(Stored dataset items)
────────────────────────────────────────

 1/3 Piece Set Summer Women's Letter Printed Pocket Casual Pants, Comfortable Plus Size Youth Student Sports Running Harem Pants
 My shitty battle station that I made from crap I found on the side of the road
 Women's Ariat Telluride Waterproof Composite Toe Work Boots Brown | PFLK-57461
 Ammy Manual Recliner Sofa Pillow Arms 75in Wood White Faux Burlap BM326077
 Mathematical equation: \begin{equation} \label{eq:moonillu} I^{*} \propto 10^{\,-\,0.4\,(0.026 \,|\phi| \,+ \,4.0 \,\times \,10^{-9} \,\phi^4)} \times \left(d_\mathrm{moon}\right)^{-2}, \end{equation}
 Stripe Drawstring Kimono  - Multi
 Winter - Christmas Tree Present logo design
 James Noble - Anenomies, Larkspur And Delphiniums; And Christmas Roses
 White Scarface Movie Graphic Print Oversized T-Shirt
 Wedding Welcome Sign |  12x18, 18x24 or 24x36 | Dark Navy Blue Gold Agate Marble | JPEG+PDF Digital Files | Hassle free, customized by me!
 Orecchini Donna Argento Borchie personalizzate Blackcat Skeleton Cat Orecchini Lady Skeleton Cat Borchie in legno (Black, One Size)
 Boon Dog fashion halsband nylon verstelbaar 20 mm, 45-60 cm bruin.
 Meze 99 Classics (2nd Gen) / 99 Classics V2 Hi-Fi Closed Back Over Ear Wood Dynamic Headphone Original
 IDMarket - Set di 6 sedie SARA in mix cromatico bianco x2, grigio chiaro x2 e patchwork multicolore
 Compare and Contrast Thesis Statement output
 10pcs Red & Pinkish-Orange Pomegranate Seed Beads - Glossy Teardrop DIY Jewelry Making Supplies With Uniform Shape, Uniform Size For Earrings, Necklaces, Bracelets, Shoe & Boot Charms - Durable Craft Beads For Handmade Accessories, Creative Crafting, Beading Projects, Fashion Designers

────────────────────────────────────────

Work to complete
Print out each record above exactly, with nothing omitted.

Exercise output
 1/3 Piece Set Summer Women's Letter Printed Pocket Casual Pants, Comfortable Plus Size Youth Student Sports Running Harem Pants
 My shitty battle station that I made from crap I found on the side of the road
 Women's Ariat Telluride Waterproof Composite Toe Work Boots Brown | PFLK-57461
 Ammy Manual Recliner Sofa Pillow Arms 75in Wood White Faux Burlap BM326077
 Mathematical equation: \begin{equation} \label{eq:moonillu} I^{*} \propto 10^{\,-\,0.4\,(0.026 \,|\phi| \,+ \,4.0 \,\times \,10^{-9} \,\phi^4)} \times \left(d_\mathrm{moon}\right)^{-2}, \end{equation}
 Stripe Drawstring Kimono  - Multi
 Winter - Christmas Tree Present logo design
 James Noble - Anenomies, Larkspur And Delphiniums; And Christmas Roses
 White Scarface Movie Graphic Print Oversized T-Shirt
 Wedding Welcome Sign |  12x18, 18x24 or 24x36 | Dark Navy Blue Gold Agate Marble | JPEG+PDF Digital Files | Hassle free, customized by me!
 Orecchini Donna Argento Borchie personalizzate Blackcat Skeleton Cat Orecchini Lady Skeleton Cat Borchie in legno (Black, One Size)
 Boon Dog fashion halsband nylon verstelbaar 20 mm, 45-60 cm bruin.
 Meze 99 Classics (2nd Gen) / 99 Classics V2 Hi-Fi Closed Back Over Ear Wood Dynamic Headphone Original
 IDMarket - Set di 6 sedie SARA in mix cromatico bianco x2, grigio chiaro x2 e patchwork multicolore
 Compare and Contrast Thesis Statement output
 10pcs Red & Pinkish-Orange Pomegranate Seed Beads - Glossy Teardrop DIY Jewelry Making Supplies With Uniform Shape, Uniform Size For Earrings, Necklaces, Bracelets, Shoe & Boot Charms - Durable Craft Beads For Handmade Accessories, Creative Crafting, Beading Projects, Fashion Designers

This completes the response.